Crawled caption data:
──────

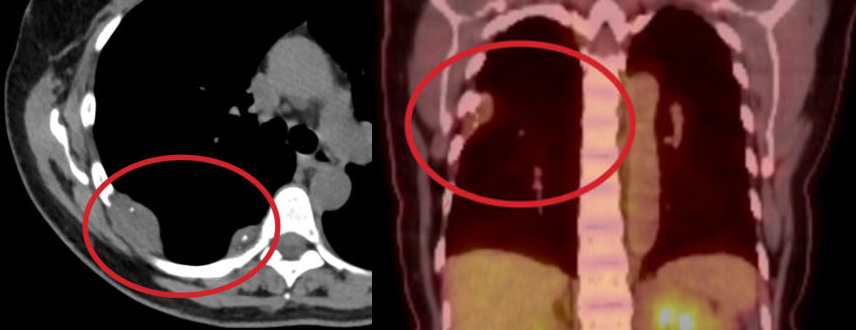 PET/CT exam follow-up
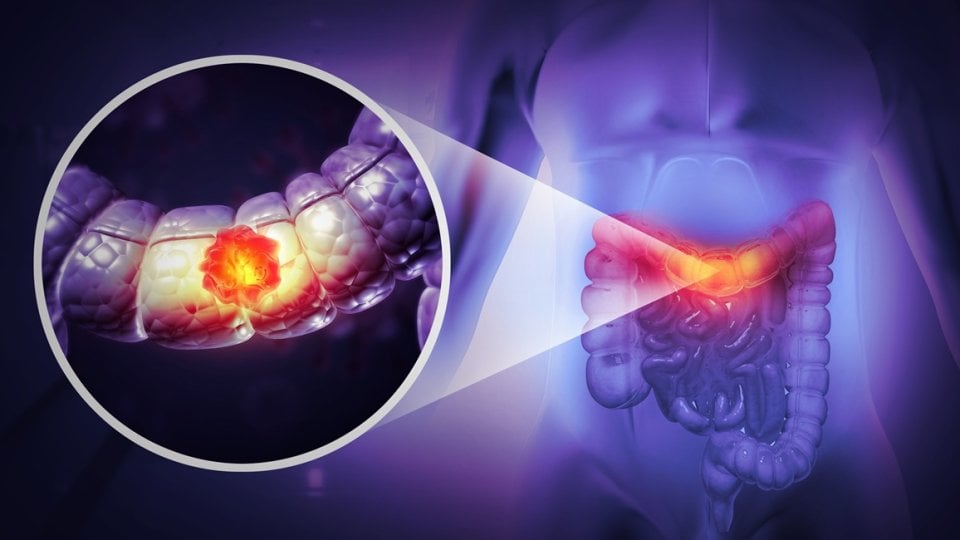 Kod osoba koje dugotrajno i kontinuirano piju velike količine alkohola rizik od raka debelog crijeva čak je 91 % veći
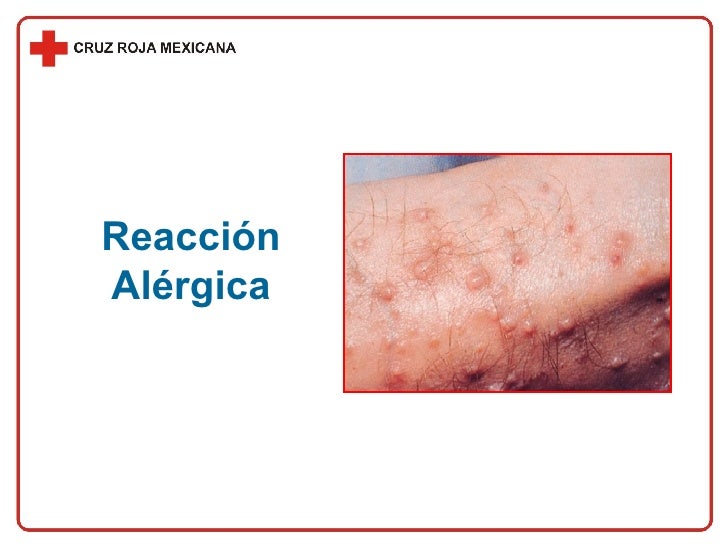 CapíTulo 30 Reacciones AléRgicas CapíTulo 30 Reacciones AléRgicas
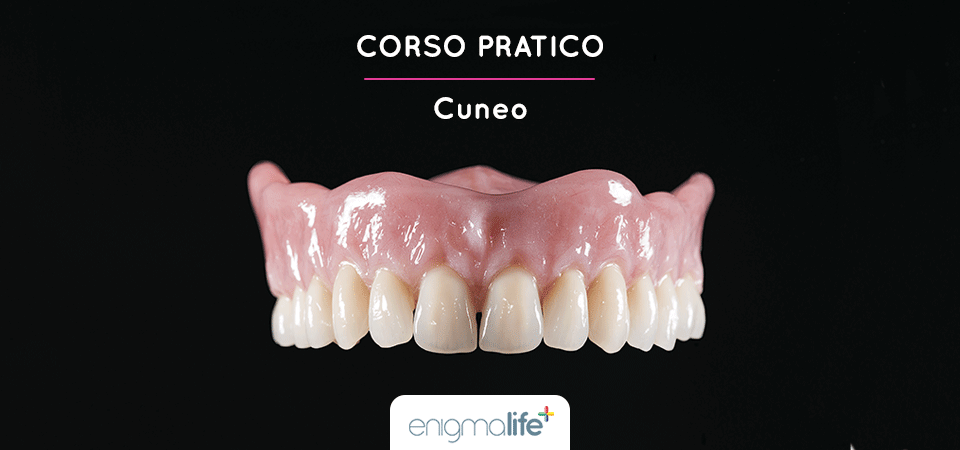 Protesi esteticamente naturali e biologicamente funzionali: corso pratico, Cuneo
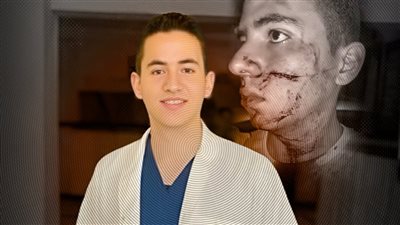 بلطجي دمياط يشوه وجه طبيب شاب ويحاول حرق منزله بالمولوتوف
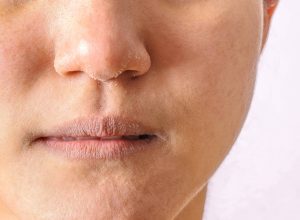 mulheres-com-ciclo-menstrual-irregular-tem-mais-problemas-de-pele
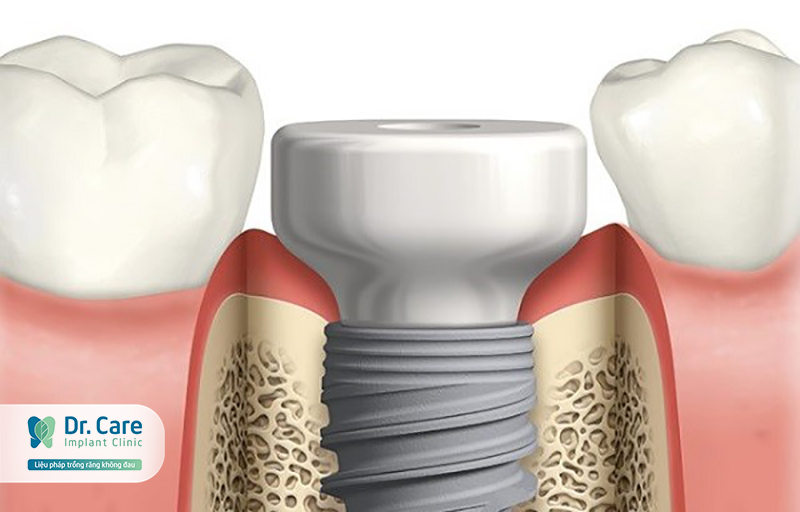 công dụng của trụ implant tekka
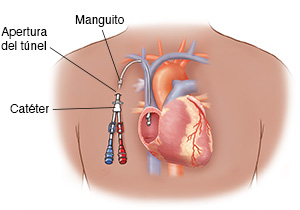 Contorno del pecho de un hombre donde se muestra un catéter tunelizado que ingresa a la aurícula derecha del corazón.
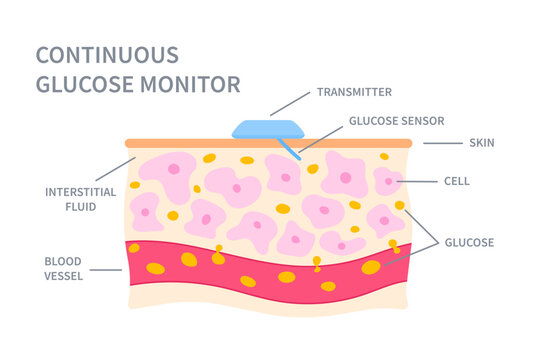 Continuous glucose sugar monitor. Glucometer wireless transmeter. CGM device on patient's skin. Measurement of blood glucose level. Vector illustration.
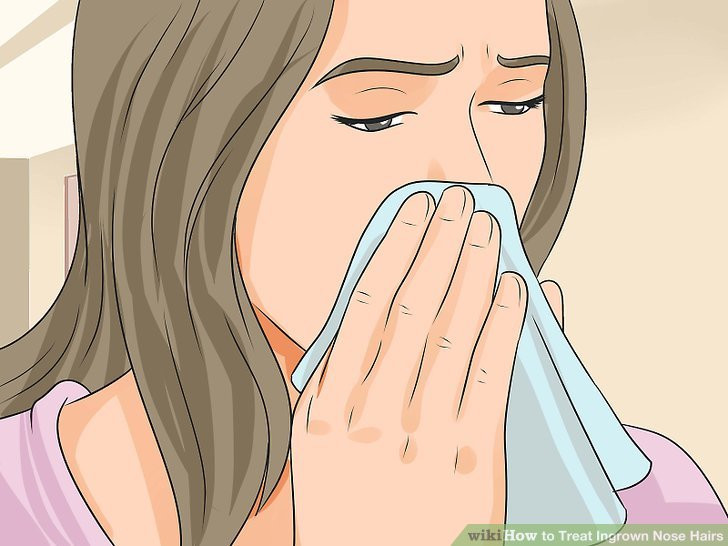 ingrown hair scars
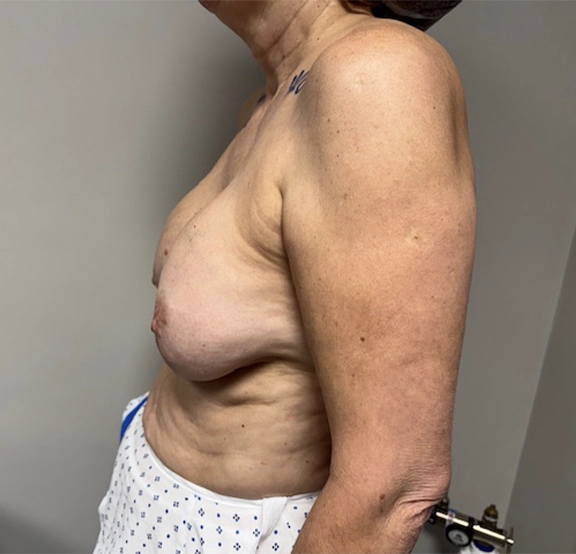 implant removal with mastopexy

──────

Reproduce all the entries that precede this task, word for word, minus any pictures.

### SOLUTION TO THIS PROBLEM
 PET/CT exam follow-up
 Kod osoba koje dugotrajno i kontinuirano piju velike količine alkohola rizik od raka debelog crijeva čak je 91 % veći
 CapíTulo 30 Reacciones AléRgicas CapíTulo 30 Reacciones AléRgicas
 Protesi esteticamente naturali e biologicamente funzionali: corso pratico, Cuneo
 بلطجي دمياط يشوه وجه طبيب شاب ويحاول حرق منزله بالمولوتوف
 mulheres-com-ciclo-menstrual-irregular-tem-mais-problemas-de-pele
 công dụng của trụ implant tekka
 Contorno del pecho de un hombre donde se muestra un catéter tunelizado que ingresa a la aurícula derecha del corazón.
 Continuous glucose sugar monitor. Glucometer wireless transmeter. CGM device on patient's skin. Measurement of blood glucose level. Vector illustration.
 ingrown hair scars
 implant removal with mastopexy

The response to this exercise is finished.